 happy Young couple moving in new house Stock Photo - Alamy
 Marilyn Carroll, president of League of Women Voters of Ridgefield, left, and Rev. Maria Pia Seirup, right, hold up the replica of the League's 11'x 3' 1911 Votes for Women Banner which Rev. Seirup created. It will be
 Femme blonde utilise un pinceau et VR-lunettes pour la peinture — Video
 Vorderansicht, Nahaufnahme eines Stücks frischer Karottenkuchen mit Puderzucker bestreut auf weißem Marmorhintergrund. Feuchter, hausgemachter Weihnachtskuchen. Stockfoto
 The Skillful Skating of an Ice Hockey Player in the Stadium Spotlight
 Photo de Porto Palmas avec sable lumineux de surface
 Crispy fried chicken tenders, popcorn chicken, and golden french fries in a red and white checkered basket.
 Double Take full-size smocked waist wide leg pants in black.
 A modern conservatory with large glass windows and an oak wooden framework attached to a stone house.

§

## [Work instruction]
Look over the records. Copy the lines that include the word "house".

## [Completed exercise]
 happy Young couple moving in new house Stock Photo - Alamy
 A modern conservatory with large glass windows and an oak wooden framework attached to a stone house.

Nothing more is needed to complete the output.